_Goal of the exercise_
The records below are to be returned word for word, with pictures left out.

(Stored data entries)
════════════════

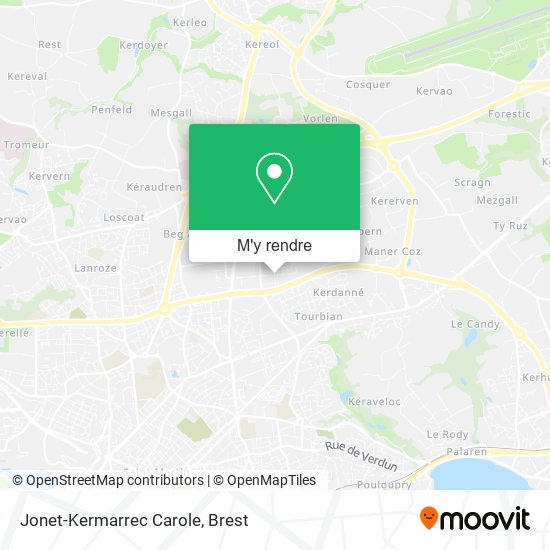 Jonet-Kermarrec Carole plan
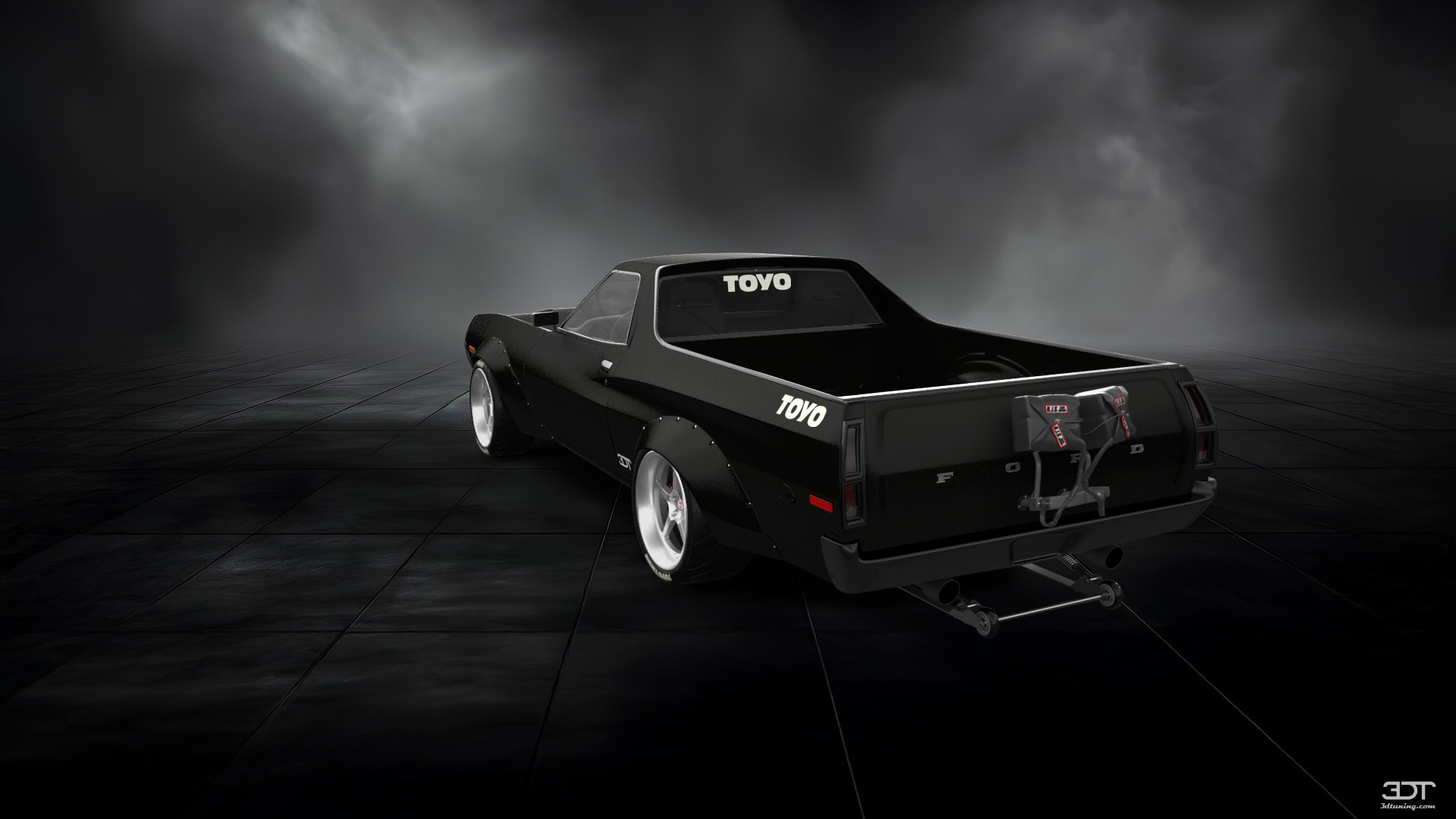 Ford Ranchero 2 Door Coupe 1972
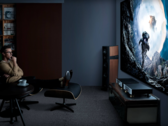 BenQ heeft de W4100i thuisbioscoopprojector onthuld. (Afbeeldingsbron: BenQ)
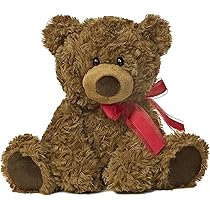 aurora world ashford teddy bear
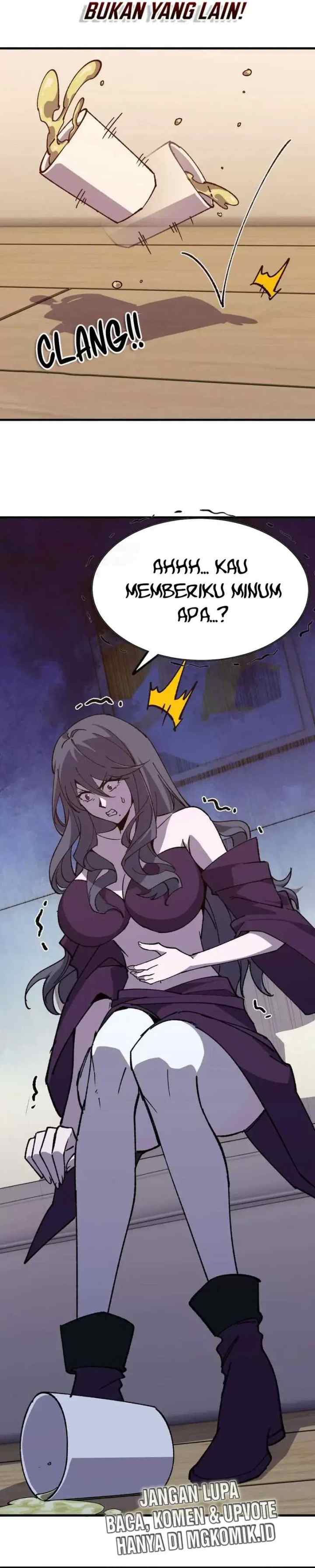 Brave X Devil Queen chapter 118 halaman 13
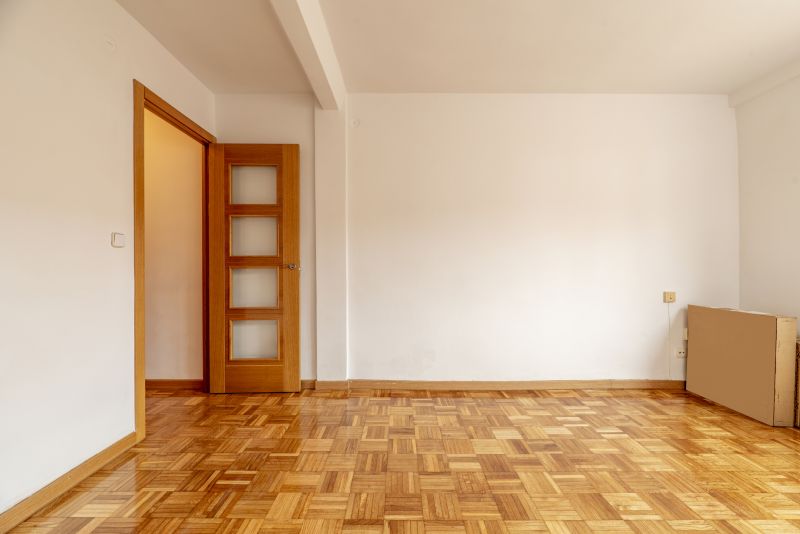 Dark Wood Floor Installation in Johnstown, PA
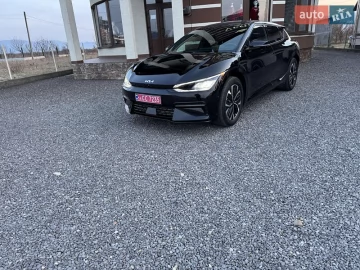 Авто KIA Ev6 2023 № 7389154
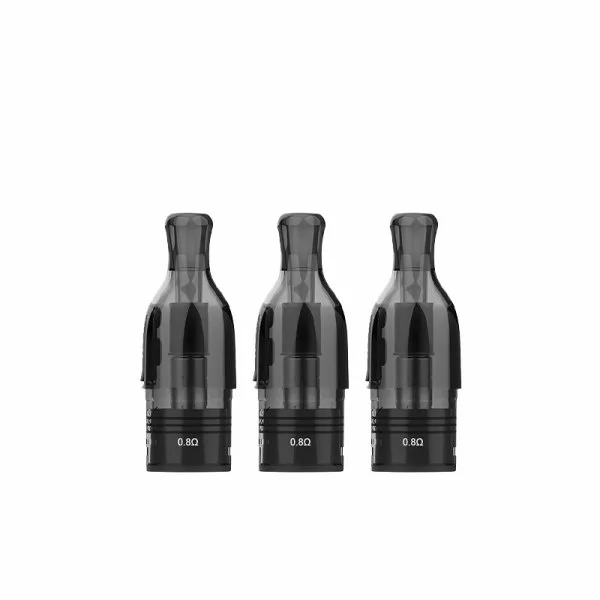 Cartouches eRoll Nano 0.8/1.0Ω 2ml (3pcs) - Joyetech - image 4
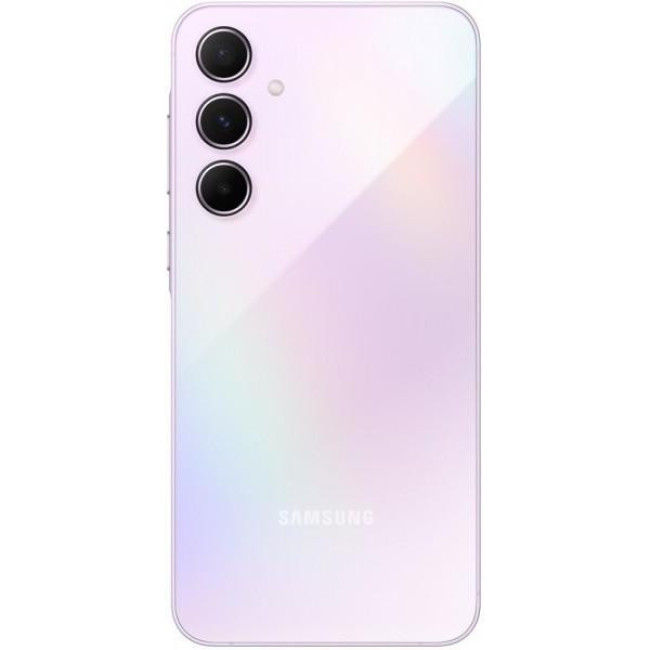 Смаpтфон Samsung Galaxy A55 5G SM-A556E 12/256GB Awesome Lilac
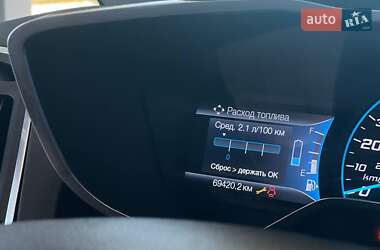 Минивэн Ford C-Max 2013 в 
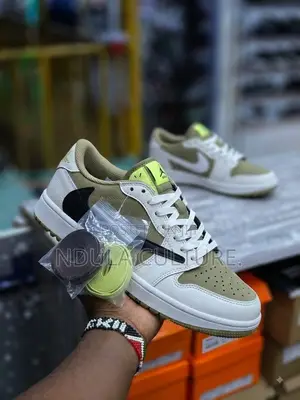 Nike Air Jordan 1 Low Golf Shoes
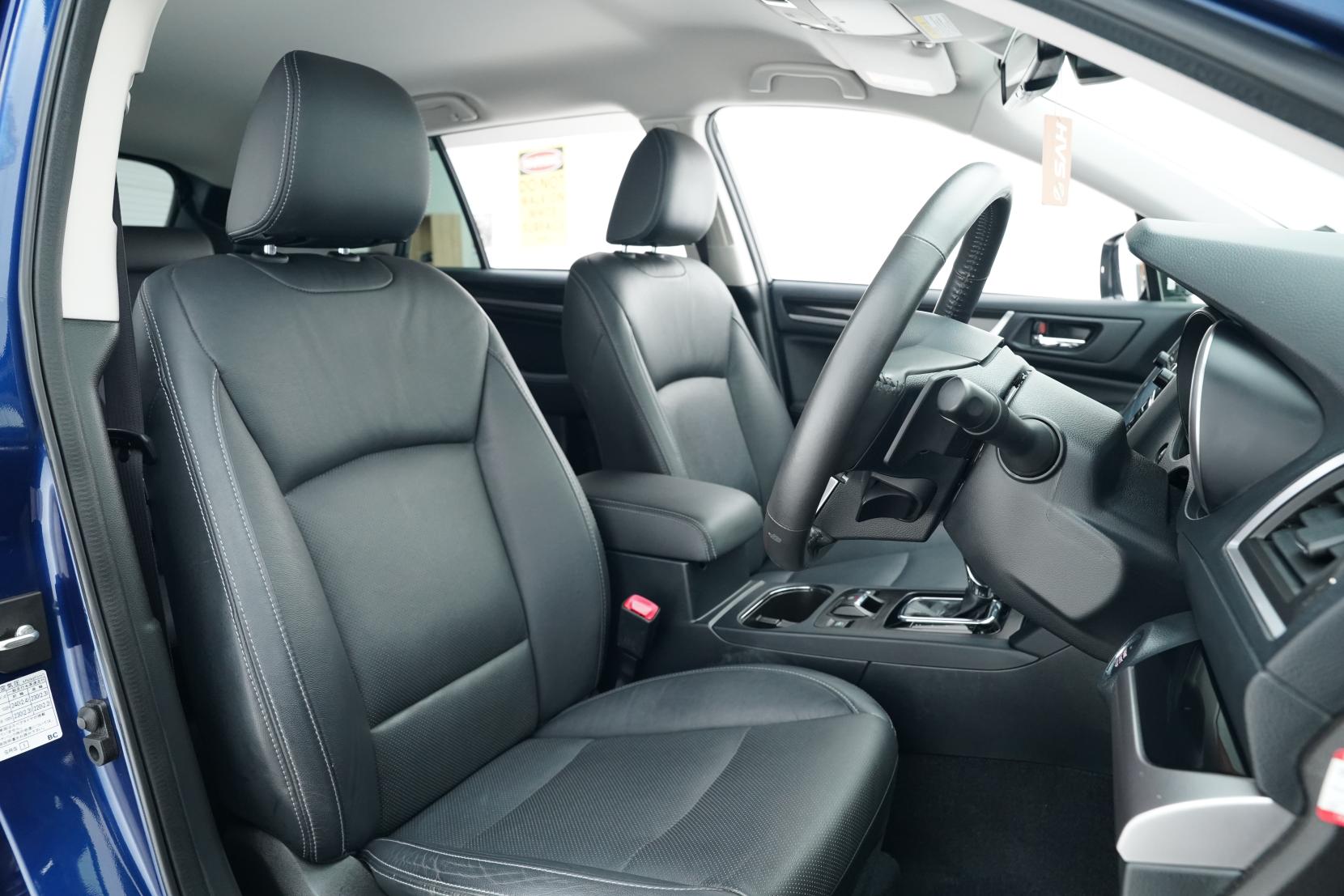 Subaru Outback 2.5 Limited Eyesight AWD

════════════════

_Completed exercise_
 Jonet-Kermarrec Carole plan
 Ford Ranchero 2 Door Coupe 1972
 BenQ heeft de W4100i thuisbioscoopprojector onthuld. (Afbeeldingsbron: BenQ)
 aurora world ashford teddy bear
 Brave X Devil Queen chapter 118 halaman 13
 Dark Wood Floor Installation in Johnstown, PA
 Авто KIA Ev6 2023 № 7389154
 Cartouches eRoll Nano 0.8/1.0Ω 2ml (3pcs) - Joyetech - image 4
 Смаpтфон Samsung Galaxy A55 5G SM-A556E 12/256GB Awesome Lilac
 Минивэн Ford C-Max 2013 в 
 Nike Air Jordan 1 Low Golf Shoes
 Subaru Outback 2.5 Limited Eyesight AWD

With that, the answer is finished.